Hay días que cualquiera se siente Pepe Blanco y canta por lo bajito esas coplas que para muchos no son más que cursilería de películas viejas, pero algo tienen las distancias que de pronto perfilan a las querencias entrañables como espacios absolutamente ajenos al peyorativo simplón de lo cursi. Madrid de lejos se camina en sueños y se sabe de memoria, se pinta sola y no deja de cambiar —Madrid que cambias— con las pocas horas que se le deje de mirar.

Ciudad despierta en medio de un paisaje que parece siempre la noche de una inmensa manta de ocres campos inabarcables de Castilla filtrados en vocales calladas, ligeras lloviznas y el frío que baja de la sierra para abrazarle las calles y aceras como piel helada. Madrid que anochece temprano y se duerme despierta y sin aviso por unos segundos a media tarde, el vaho de sus cafeterías, la sonrisa abierta de sus plazas y los párpados de sus balcones con persianas.

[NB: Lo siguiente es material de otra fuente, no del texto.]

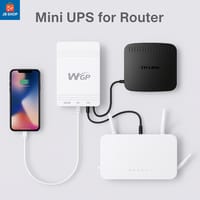 WGP Mini UPS for WiFi Router (Original) – 10400mAh, 8hrs Backup_img_0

Madrid de brazos abiertos en las aguas que la bañan, en los pulmones de sus paseos y el parque como corazón en el centro. La ciudad de museos, bulevares, fachadas viejas y la nervadura de sus subterráneos en colores; la universitaria de bufanda y el funcionario en bicicleta, el lector de las fachadas y la bibliotecaria de mármoles, el catre que cumple cien años y los trenes que no merecen cesar. Las prisas que andan en bicicleta y los ejércitos de perritos falderos, las castañas en las esquinas, las luces por doquier, el callejón de lo que no se dice, la pancarta de lo que se canta a voz en cuello.

Aquí los libros que hablan de Madrid de lejos, las páginas de sus pretéritos y las ganas de llorar. La calle que llevaba tranvías y los fantasmas de otra Navidad. El lector de sus entrañas y los habitantes de sus círculos concéntricos, los colores de sus nubes y los retratos al carbón, las cuestas y recovecos, la piedra intacta de los siglos y el sabor de las violetas como secreto de cada paladar… Porque Madrid se extraña tan fácilmente que al menos se intenta deletrear.